17 Ottobre 2020 - 19:15 . Fuori Quartiere . Cronaca
L’editoriale: city-manager o politico, il candidato a sindaco di Roma deve essere credibile
di Luigi Carletti
Un sindaco manager per Roma? La proposta viene da più parti e nei giorni scorsi Guido Cutillo, proprio su RomaH24, ne ha sostenuto brillantemente le ragioni auspicando questa soluzione come risultato delle elezioni del 2021. Personalmente ho qualche dubbio, e provo a spiegare il perché.
In primo luogo – non me ne vogliano Cutillo e gli altri favorevoli a questa ipotesi – perché io credo che questa loro idea risenta molto dell’effetto Raggi. Un effetto così deprimente da far dire: se questi sono i prodotti della politica, dateci appunto un manager. Uno che sappia fare. Che almeno faccia funzionare i servizi essenziali. Dopotutto, di questi tempi, è vero che sarebbe già un bel passo in avanti.
In secondo luogo ho delle perplessità sul fatto che si possa fare a meno di un sindaco con una comprovata esperienza politica. Il governo di grandi città (e in particolare di una città-stato come Roma) senza quel tipo di sensibilità e di know-how lo trovo estremamente problematico. Mediazioni, compromessi (possibilmente non al ribasso), accordi non semplicemente tecnici ma appunto “politici”, sono elementi connaturati alla capacità di un amministratore pubblico che deve tenere conto di molti aspetti: si tratta di un quadro in cui l’elemento “tecnico” è certamente importante, ma non può essere l’unico.
Naturalmente si potrà obiettare che ci possono essere manager provvisti di quelle doti “politiche” necessarie a un incarico di questo tipo. Vero. Mentre risulta un po’ meno vero che ci siano in giro dei politici, magari bravi, dotati anche di visione manageriale. È però possibile che un buon leader politico sappia circondarsi di una squadra fatta anche di manager a cui affidare le priorità di una metropoli. E tutti noi sappiamo quanto le priorità di Roma ormai debbano essere chiamate con un altro nome: emergenze. Le conclamate insufficienze della giunta Raggi, così come le esperienze precedenti (in particolare nel periodo Alemanno) non devono indurci a pensare che la politica produca solo gnomi, guitti e scialbe comparse. È invece giusto pretendere dalla politica una scelta di alto profilo che sappia mettere insieme visione, strategia e competenze.

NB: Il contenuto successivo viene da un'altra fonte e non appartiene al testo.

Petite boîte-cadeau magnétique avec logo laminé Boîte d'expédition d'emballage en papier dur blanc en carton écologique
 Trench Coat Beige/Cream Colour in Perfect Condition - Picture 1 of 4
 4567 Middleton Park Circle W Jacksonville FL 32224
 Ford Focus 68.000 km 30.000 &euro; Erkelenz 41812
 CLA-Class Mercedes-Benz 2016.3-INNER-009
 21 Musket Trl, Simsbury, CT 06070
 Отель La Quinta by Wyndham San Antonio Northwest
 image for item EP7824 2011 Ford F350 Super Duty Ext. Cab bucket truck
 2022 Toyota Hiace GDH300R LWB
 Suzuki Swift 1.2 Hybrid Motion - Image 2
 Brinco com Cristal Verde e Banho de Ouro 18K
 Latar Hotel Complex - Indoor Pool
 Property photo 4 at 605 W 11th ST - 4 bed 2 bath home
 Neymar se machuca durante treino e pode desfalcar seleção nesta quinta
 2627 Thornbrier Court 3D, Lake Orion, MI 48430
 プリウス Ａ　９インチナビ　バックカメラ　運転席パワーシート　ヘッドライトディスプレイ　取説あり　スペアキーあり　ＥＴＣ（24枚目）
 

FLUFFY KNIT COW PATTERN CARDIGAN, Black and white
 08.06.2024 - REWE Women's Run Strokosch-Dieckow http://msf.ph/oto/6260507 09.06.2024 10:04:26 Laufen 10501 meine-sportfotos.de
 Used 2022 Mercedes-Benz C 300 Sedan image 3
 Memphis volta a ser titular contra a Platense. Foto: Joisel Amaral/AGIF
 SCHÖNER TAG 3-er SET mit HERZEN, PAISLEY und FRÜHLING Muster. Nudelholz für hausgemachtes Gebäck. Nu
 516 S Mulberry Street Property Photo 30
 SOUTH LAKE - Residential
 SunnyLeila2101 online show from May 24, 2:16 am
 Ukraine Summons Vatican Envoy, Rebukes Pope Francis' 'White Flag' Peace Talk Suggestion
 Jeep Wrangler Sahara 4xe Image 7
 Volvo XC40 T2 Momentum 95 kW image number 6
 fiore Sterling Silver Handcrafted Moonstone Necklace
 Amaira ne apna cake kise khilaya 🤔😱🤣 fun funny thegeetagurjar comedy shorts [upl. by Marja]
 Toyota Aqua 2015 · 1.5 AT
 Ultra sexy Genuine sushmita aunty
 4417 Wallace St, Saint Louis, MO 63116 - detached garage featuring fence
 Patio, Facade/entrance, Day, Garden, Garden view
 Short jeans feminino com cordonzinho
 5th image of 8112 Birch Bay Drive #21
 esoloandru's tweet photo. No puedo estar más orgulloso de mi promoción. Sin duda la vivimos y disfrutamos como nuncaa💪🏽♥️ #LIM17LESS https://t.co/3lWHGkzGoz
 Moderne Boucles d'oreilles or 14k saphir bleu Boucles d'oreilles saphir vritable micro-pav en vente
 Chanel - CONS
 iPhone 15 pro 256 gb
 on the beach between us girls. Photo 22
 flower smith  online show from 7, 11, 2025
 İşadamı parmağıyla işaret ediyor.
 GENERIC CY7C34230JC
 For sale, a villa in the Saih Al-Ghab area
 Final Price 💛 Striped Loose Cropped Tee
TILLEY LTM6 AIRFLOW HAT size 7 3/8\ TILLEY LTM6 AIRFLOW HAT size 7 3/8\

Nel futuro assetto istituzionale, ritengo che il sindaco di Roma dovrebbe avere anche un ruolo nel governo centrale del Paese, qualcosa al livello di vicepresidente del consiglio, e avere un compito di coordinamento tra i capoluoghi di regione. In fondo la grandezza di Roma e la sua magnificenza sono frutto dell’ingegno e dell’opera di italiani (e non solo) arrivati da tutte le regioni. Questo è un dato che dovrebbe essere ricordato e dovrebbe fare di Roma una Capitale totalmente inclusiva nei confronti delle altre città, capace di valorizzare e utilizzare le loro esperienze migliori. Ma per fare questo serve un genere di “grandezza” che finora si è vista poco: umiltà, curiosità, capacità di studiare, imparare e condividere. Serve, per l’appunto, “statura politica”.
Stendiamo quindi un velo pietoso su questa legislatura approdata finalmente alla sua fase finale: assisteremo (e già lo stiamo vedendo) a una corsa disperata contro il tempo per fare in pochi mesi quello che non è stato fatto in quattro anni. O comunque per dare l’impressione che molte cose stiano finalmente accadendo. In realtà è come lo studente che, dopo aver dilapidato il tempo a non combinare niente, fa nottata sui libri a poche ore dall’esame. La giunta Raggi si accomodi all’uscita e i cittadini romani decidano che città vogliono per i prossimi cinque anni. Decisione sicuramente complicata: perciò sta alle forze politiche rendergliela il meno difficile possibile presentando candidati credibili e soprattutto un progetto di nuova governance della città.